As for Gladkovskiy and Pashynskiy, their names have been coming up in media reports on defense corruption perennially, but no official investigation has ever looked into their activities.
Both Gladkovskiy and Pashynskiy are the high-ranking representatives of two main camps ruling Ukraine.
Pashynskiy is one of the top lawmakers of the People’s Front headed by ex-Prime Minister Arseniy Yatsenyuk. Gladkovskiy is a long-time business partner of President Petro Poroshenko, who appointed him to the Security and Defense Council in 2015 even though he had no background in defense or public service.
Poroshenko famously said in 2017 that he was going to “cut the hands of those stealing from the army.”
What was in the story
Novoye Vremya investigated the Defense Ministry’s contract to buy armored vehicles (BMP-1) from Zhytomyr Military Armor Plant, a subsidiary of UkrOboronProm state defense holding, in 2016-2017.
According to the story, Zhytomyr Plant was buying decommissioned BMP-1 made in the 1980s from a Polish company Wtorplast that trades recyclable materials, including metal scrap like ammunition.
Wtorplast, in turn, was buying the decommissioned BMPs from the Czech Republic company Excalibur Army for 20,000 – 25,000 euros for a vehicle, a scrap metal price. Wtorplast dismantled the BMPs and resold them to the Ukrainian plant.
The Zhytomyr Plant was buying the dismantled vehicles as scrap metal, but paying $165,000 each with taxpayer money. Then Ukropronbrom’s subsidiary would bilk taxpayers $40,000 to repair each vehicle.
So in the end, each of the 20,000 euros BMP cost the Ukrainian state budget $205,000, Novoye Vremya wrote.
In 2017 alone, 200 vehicles worth $41 million were bought in this fashion.
Novoye Vremya cited several commentators, including an anonymous source involved in the BMPs purchase, pointing at Pashynskiy as a beneficiary of the scheme. Pashynskiy denied it.
In a different contract reported in the story, a different subsidiary of UkrOboronProm sold detonators to an offshore Cyprus-registered company PH Strategic Business Limited for 95,000 euros. The offshore company then resold it to a Czech company for 684,000 euros – Novoye Vremya says it was the market price for the detonators and someone must have pocketed the difference of nearly 600,000 euros.

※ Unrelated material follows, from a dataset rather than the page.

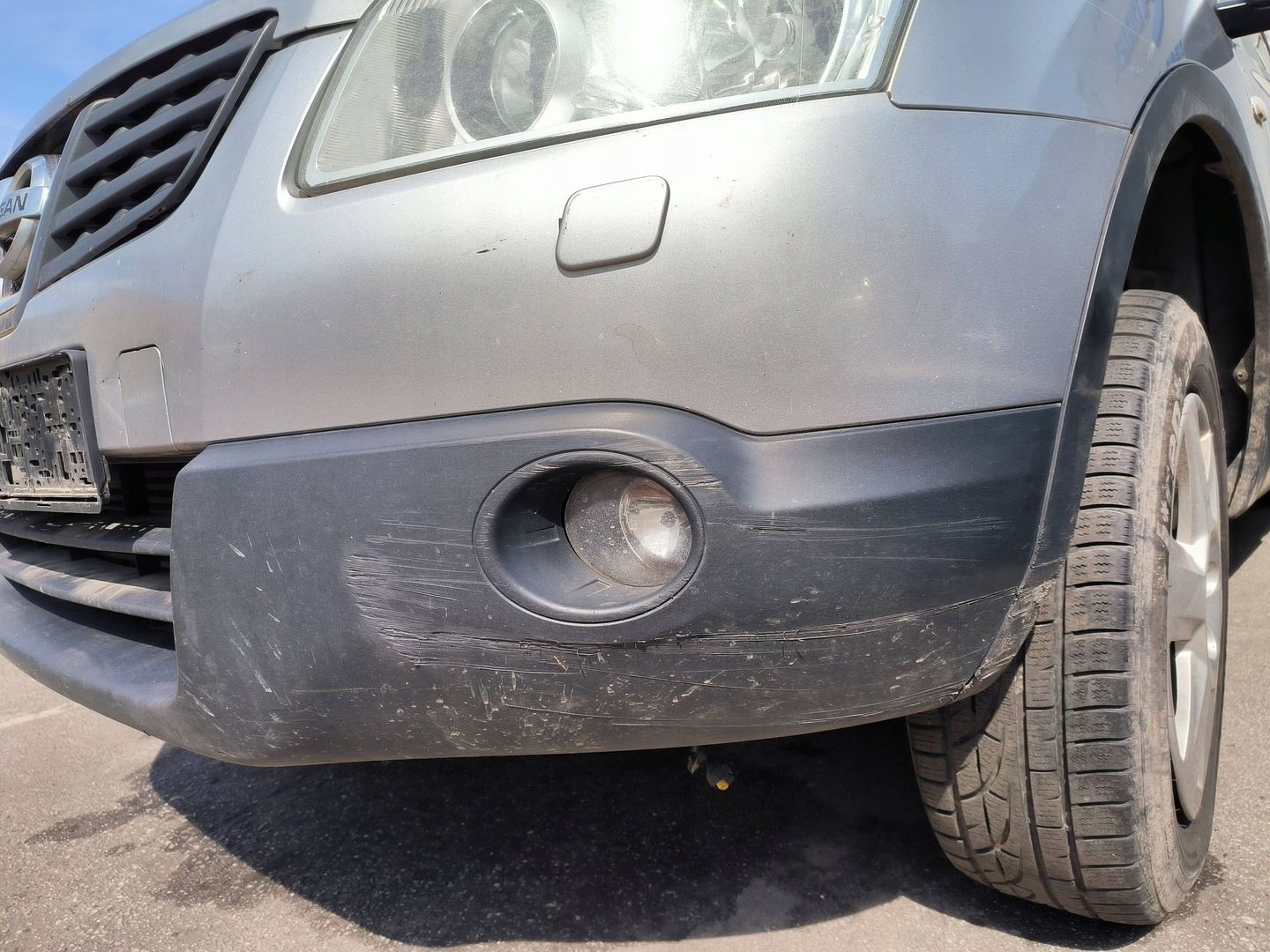 Zderzak przedni przód Nissan Qashqai J10 KY0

According to Novoye Vremya, in UkrOboronProm, the contract was verified by its deputy head Svitlana Khromets, who used to work for Gladkovskiy in his car manufacturer Bogdan.
Bogdan, in its turn, has got lucrative defense contracts of its own. In 2017, Bogdan supplied special military ambulance cars to the army. Gladkovskiy continues to own Bogdan even as he holds public office.

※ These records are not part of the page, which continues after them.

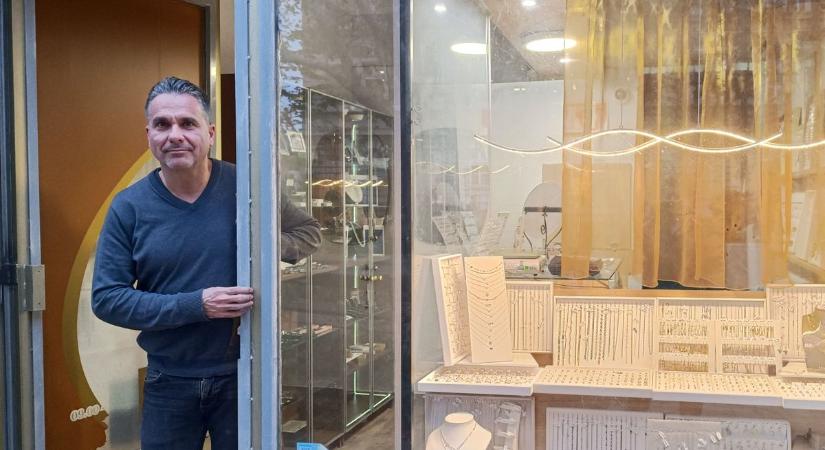 Az ajándék, ami örökre megmarad – karácsonyi ékszertrendek és történetek – fotók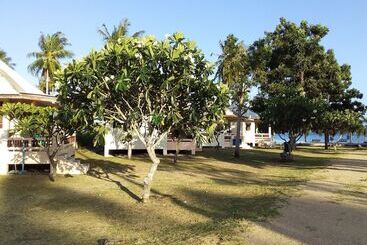 استراحتگاه Jinta Beach Bungalow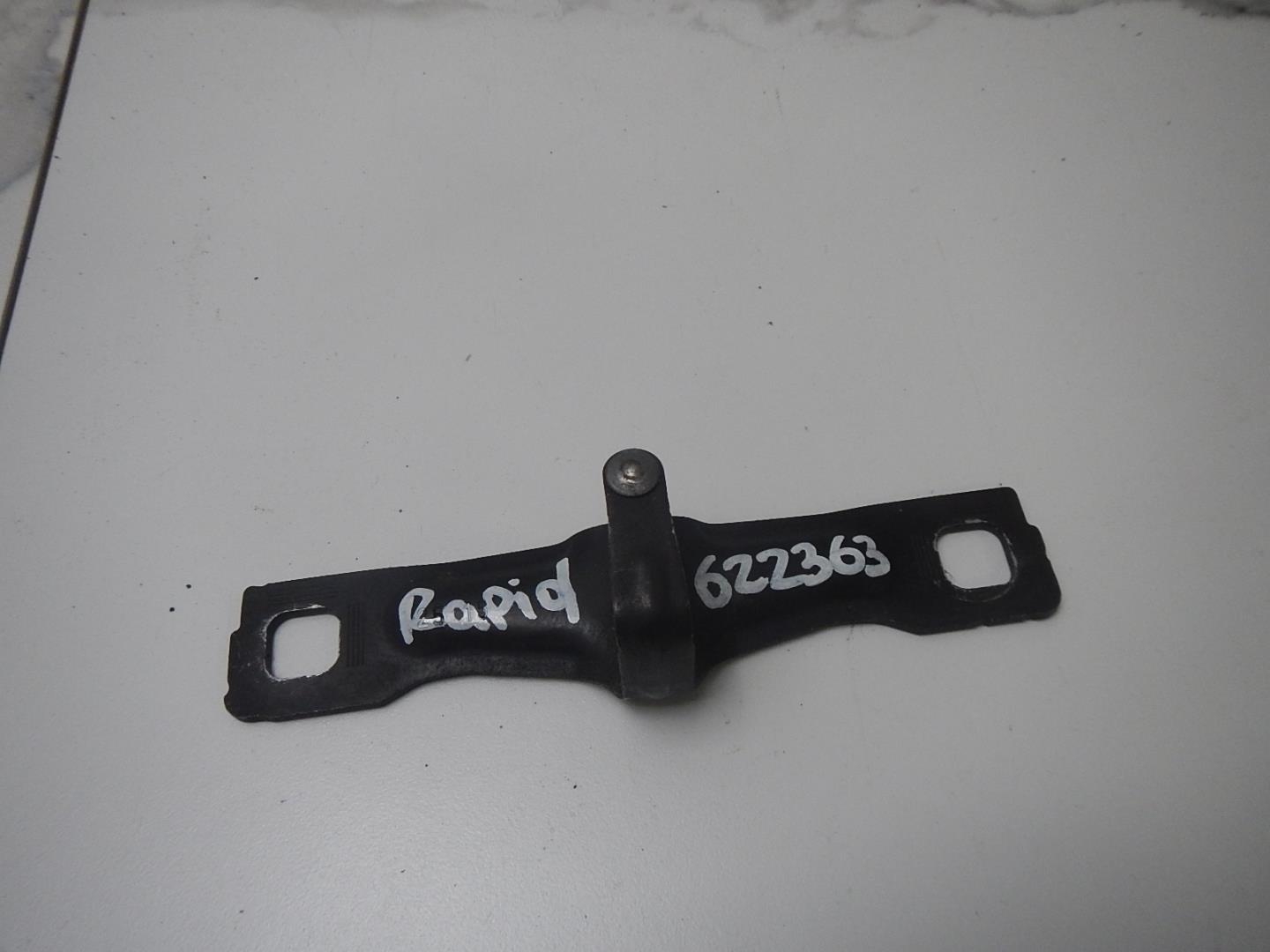 Ответная часть замка багажника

Poroshenko co-founded Bogdan and was among the owners until 2013.
Hit back
UkrOboronProm called the Novoye Vremya investigation unbalanced and baseless. It also said there were “no complaints from soldiers” regarding the quality of the purchased armored vehicles.

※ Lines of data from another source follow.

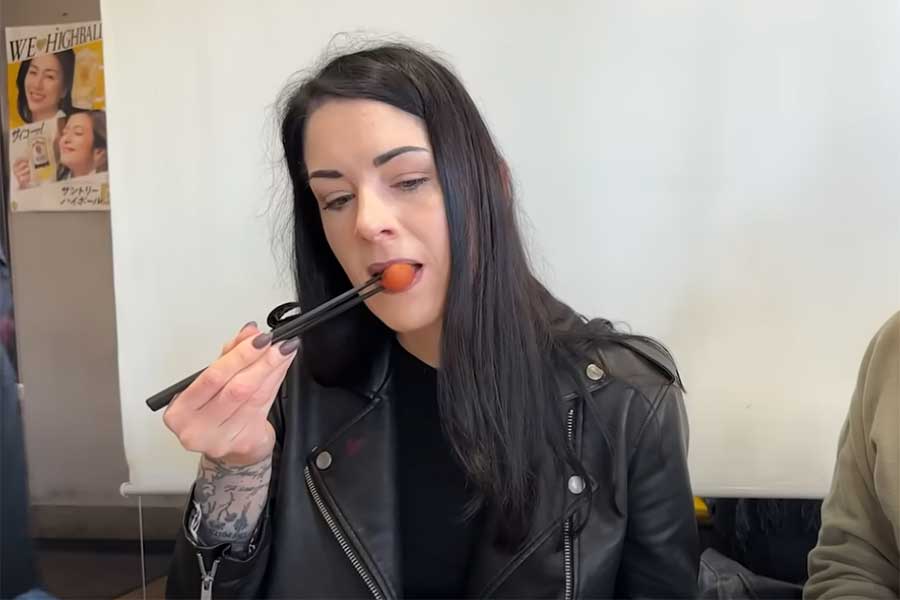 レナさんにすすめられ、梅干しにチャレンジしたフェリさん（スクリーンショット）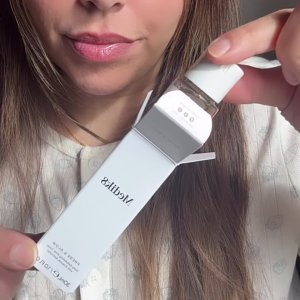 Aqsa&rsquo;s mediaimport video of Medik8 Summer Skin Essentials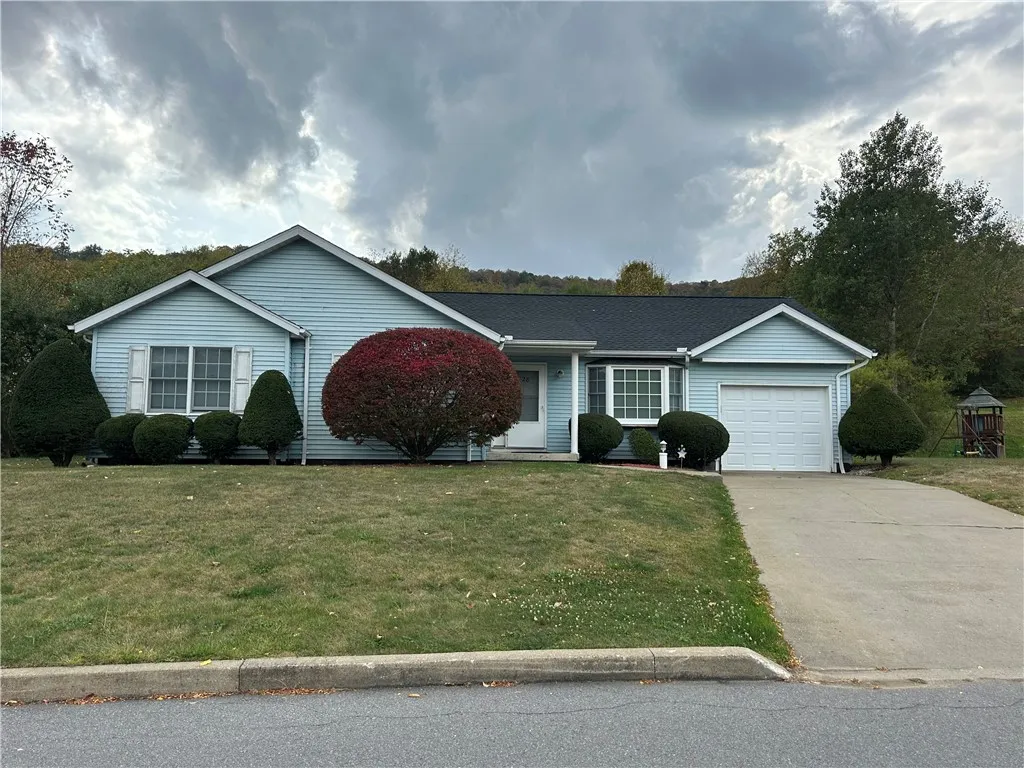 28 Colonial Heights, Bradford City, Pennsylvania 1, Bradford City, Pennsylvania 16701, 3 Bedrooms Bedrooms, 5 Rooms Rooms,2 BathroomsBathrooms,Residential,Closed,28 Colonial Heights, Bradford City, Pennsylvania 1,0,R1639837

The UkrOboronProm press service accused the magazine of not publishing the company’s position.
The story’s author, Ivan Verstyuk, confirmed he didn’t seek comment from UkrOboronProm and said he regrets it.
“I was going after Pashynskiy and Gladkovskiy in my story, not UkrOboronProm. But I should have sought their comment too,” said Verstyuk, a former Kyiv Post business editor.
Verstyuk said that, since the story ran, he and his colleagues are under pressure.
He said that Pashynskiy and some others have been threatening to take the magazine to court.
Apart from sending his lawyers to the magazine, Pashynskiy also portrayed the story as hurting Ukraine, saying it was “an attack not even on myself but on Ukraine’s attempts to increase the defense potential of its army.”
Pashynskiy invited the chief editor and the author of the story to discuss the report on April 18 at the meeting of the parliament’s defense committee that he heads. But the journalists refused to come.
“We don’t think that Serhiy Pashynskiy can investigate Serhiy Pashynskiy,” Sych said.